5. **Hyper-Personalization:** Generating tailored financial content at scale.
This initiative is backed by a benchmarking study showing that 82% of organizations believe GenAI will fundamentally transform their industry.
## Business Impact
### For the Companies Involved
- **Google Cloud:** Strengthens its foothold in the highly regulated financial sector against rivals AWS and Azure.
- **Partners (Deutsche Bank/MSCI):** Gain "first-mover" advantage in operational efficiency, potentially lowering Cost-to-Income ratios.
### For Competitors
- Software vendors and cloud providers face pressure to offer specialized "Fin-LLMs" rather than general-purpose tools.
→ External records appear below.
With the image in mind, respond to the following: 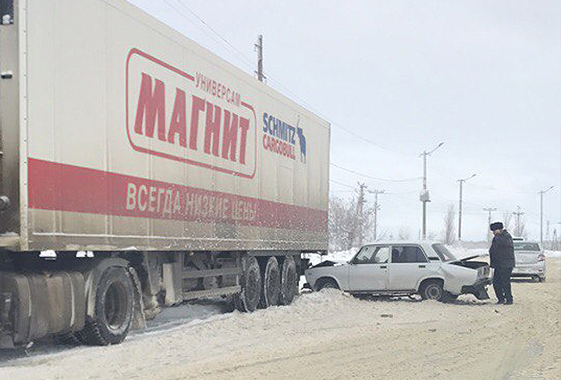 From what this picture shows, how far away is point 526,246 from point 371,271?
1122cm

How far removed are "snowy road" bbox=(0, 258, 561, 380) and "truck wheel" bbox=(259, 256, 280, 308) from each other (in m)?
0.82

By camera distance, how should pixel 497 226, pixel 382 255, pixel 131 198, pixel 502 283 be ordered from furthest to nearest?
pixel 497 226
pixel 382 255
pixel 502 283
pixel 131 198

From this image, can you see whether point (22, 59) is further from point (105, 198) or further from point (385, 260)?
point (385, 260)

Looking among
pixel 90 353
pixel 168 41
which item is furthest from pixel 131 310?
pixel 168 41

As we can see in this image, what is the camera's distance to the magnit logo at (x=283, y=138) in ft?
48.6

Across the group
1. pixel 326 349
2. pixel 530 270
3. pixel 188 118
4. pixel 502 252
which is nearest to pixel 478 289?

- Competitors must now match Google’s vertical-specific developer tools (like the Codey model family).
### For Customers
- End users can expect more responsive, 24/7 "human-like" digital banking and faster loan/claim processing times.
### For the Market
- Transitioning from AI experimentation to production-grade deployment shifts the investment focus toward data quality and cloud scalability.
## Technical Implications
The framework relies heavily on LLMs with contextual understanding, particularly in "unstructured data" environments. The inclusion of **coding assistance (e.g., Codey)** suggests a trend toward "Human-in-the-loop" automation to manage legacy technical debt in banking systems.
## Strategic Analysis
- **Market Positioning:** Google is positioning itself as the "compliance-friendly" AI provider, focusing on high-stakes tasks like Basel III compliance.
- **Competitive Advantage:** Integration of Vertex AI Search and Conversation allows institutions to deploy applications "in minutes," lowering the barrier to entry.
- **Challenges:** Data privacy, hallucinations in financial reporting, and the rigorous "explainability" requirements of global financial regulators.
## Industry Reactions
- **Analyst Opinions:** This move is seen as vital for Google to monetize its AI investments within high-margin industries.
- **Expert Commentary:** Most experts agree that the value lies not in the model itself, but in the ability to securely connect it to proprietary bank data.
## Future Outlook
- **Predictions:** Expect a surge in "AI Research Assistants" for analysts over the next 12–18 months.
- **What to watch for:** Regulatory responses to AI-generated financial advice and the security of LLM-generated code.
## For Security Professionals
Cybersecurity leaders should take note of the "Regulatory Code Change Consultant" use case. While GenAI can help bridge the gap in Basel III compliance, it introduces risks regarding **insecure code generation** and **data leakage**. Any deployment of Vertex AI within a financial institution requires rigorous scrutiny of the "Shared Responsibility Model" to ensure that sensitive financial data used for "grounding" LLMs does not bleed into public training sets.